Tax deductions
Cell Phone and Internet Deductions for Self-Employed Business Owners
Self-employed business owners can deduct the business-use percentage of their cell phone and home internet. Most CPAs recommend tracking usage honestly — 50–80% business is defensible for most owners. S-corp owners deduct through an Accountable Plan.
Written by Matt Reese, CPA · 4 min read · Published April 2026·Share on LinkedIn
Key Takeaways
- Self-employed owners deduct the business-use percentage of their cell phone bill on Schedule C. If you use your phone 70% for business and 30% personally, 70% of the monthly bill is deductible.
- Home internet follows the same rule — deduct the business-use percentage.

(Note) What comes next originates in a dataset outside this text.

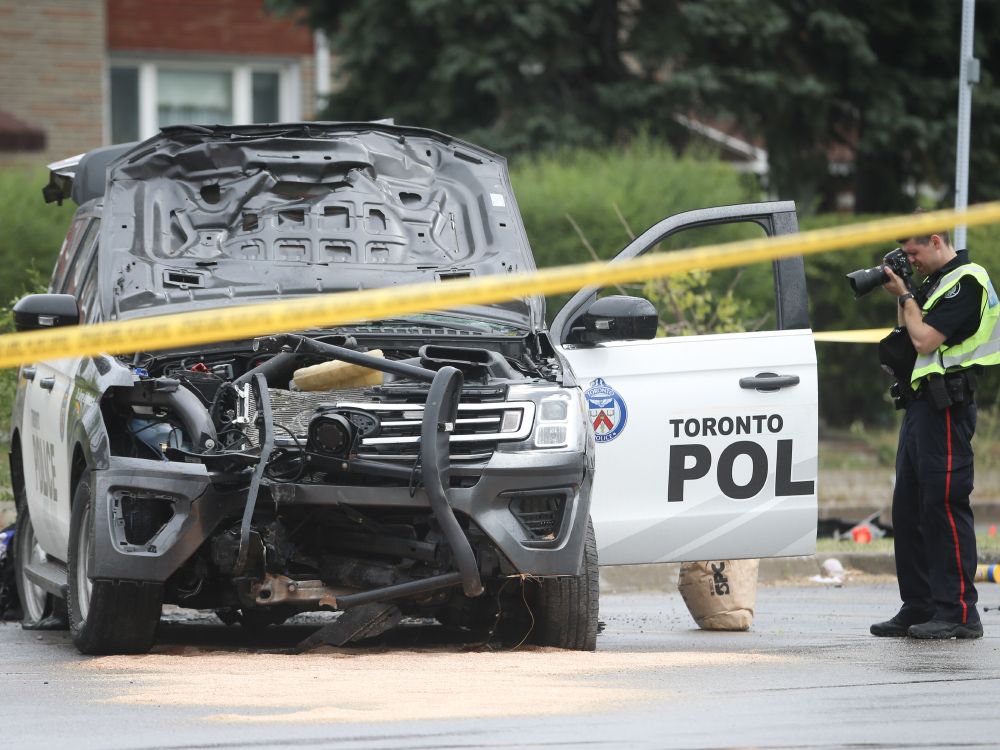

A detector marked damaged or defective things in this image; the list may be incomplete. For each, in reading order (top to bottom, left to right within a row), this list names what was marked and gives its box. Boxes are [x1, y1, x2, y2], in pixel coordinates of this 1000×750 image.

For a home office user working 8+ hours/day, 50–70% is a common and defensible business-use allocation.
- A dedicated business phone used 100% for work is 100% deductible. The cleaner the record, the stronger the deduction.
- S-corp owners cannot deduct unreimbursed phone/internet expenses on their personal return — TCJA eliminated that deduction for employees. Use an Accountable Plan to reimburse these expenses through the S-corp.
The business-use percentage rule
When a phone or internet service is used for both business and personal purposes, only the business-use portion is deductible under Section 162. There’s no bright-line rule for what percentage is acceptable — it should reflect your actual usage.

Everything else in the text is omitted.